Hundreds of people gathered in Whiting Park in Winnebago on Aug. 4 to witness the dedication ceremony for the Winnebago Veterans Memorial.
Servicemen and women represented their respective branches of the military by dressing in full uniform or wearing caps and shirts, saluting the American flag as it was raised over the monuments.
Those who could stand, stood at attention during the 21-gun salute and the playing of "Taps."
The Veterans Memorial committee members Jerry Johannsen, Jerome Behnke, Ed Kellen, Karen Hernandez and LeAnn Eastman were all present to receive congratulations for their hard work and dedication to the project.
Johannsen, the idea-man for the memorial project, said a few words about how the memorial came to be.

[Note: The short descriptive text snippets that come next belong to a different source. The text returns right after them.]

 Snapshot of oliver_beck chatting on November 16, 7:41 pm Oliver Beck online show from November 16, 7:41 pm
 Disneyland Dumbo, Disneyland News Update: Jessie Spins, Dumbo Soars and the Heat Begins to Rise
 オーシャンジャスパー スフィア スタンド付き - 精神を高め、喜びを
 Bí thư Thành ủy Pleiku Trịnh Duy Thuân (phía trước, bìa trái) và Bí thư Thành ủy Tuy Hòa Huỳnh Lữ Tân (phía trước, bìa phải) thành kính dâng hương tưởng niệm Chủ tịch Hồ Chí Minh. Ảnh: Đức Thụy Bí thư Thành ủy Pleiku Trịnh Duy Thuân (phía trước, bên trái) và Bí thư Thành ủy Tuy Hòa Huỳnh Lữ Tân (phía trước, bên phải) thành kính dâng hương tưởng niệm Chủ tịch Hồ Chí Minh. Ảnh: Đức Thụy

"I go by this park a lot," stated Johannsen. "And, one day I saw that earth was being moved. I didn't know what was going on, so I asked at the city offices and they said there's volleyball courts going in. I knew I had to do something fast."

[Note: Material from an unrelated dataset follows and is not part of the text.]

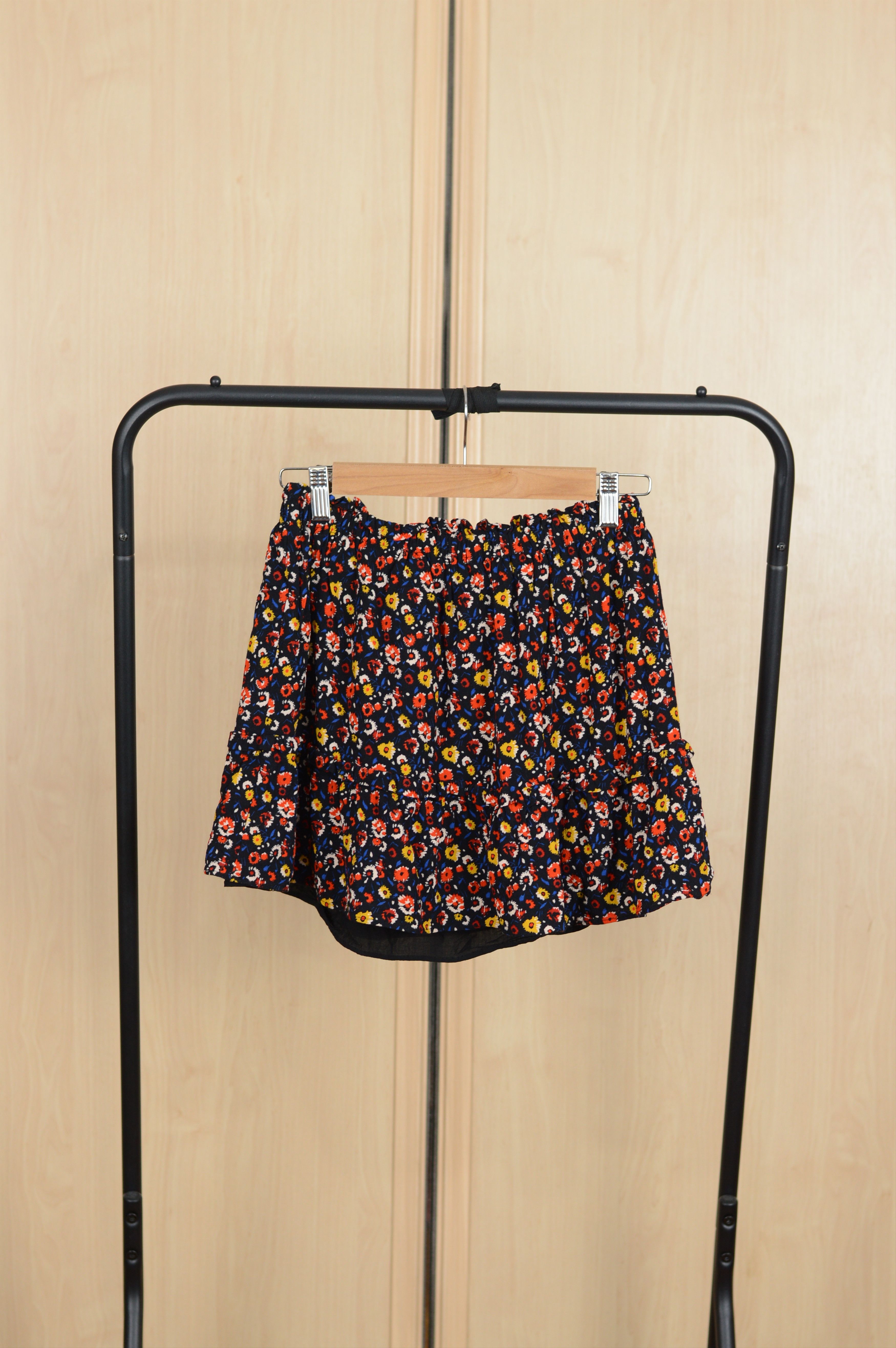 Sezane Sezane flower print mini skirt Size 27" / US 4 / IT 40 - 3 Thumbnail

He'd always imagined Whiting Park to be the location of a Veterans Memorial, but hadn't acted on it. Johannsen said that the volleyball courts going in got him to start taking some action. He attended the next Winnebago City Council meeting to propose his idea.
"I didn't expect any decisions to be made that night," said Johannsen. "I answered their questions as best I could and they made a decision. Next morning, I had a phone call from someone saying they wanted to be on my committee."

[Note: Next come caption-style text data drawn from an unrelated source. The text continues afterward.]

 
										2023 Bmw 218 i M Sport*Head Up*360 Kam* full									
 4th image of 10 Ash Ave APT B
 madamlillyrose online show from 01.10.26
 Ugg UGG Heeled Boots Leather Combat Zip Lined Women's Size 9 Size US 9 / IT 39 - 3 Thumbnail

And that's how the whole thing started. He had to formulate a better idea of what the memorial would look like and find out a closer estimate for the cost, but his project had the green light from the city.
The total cost is still unknown, said Johannsen, because the bills are still coming in. There was, however, a total of $97,000 raised for the project through fundraising events and donations from businesses and individuals.
Once the unveiling of the monuments was completed by the Winnebago American Legion Post #82, Kathy Blair, of Winnebago, read aloud the names of the gold star soldiers, meaning the ones who died in battle. Their names are etched in the frontmost stone.
Throughout the program, a community choir, directed by Judy Ness, sang patriotic songs, ending with "God Bless America."
After the ceremony, Johannsen said that for the first six months or so, there were only eight names that had been requested to be put on the stones. Now, there are 320 names on the monument and room for more in the coming years.
Streams of people flooded the memorial after the ceremony concluded to hunt down the names of their loved ones and to admire the overall splendor of the memorial.
A lunch was served at the Municipal Center following the dedication. Several attended that as well. All proceeds from the free will donations were to be put toward the memorial.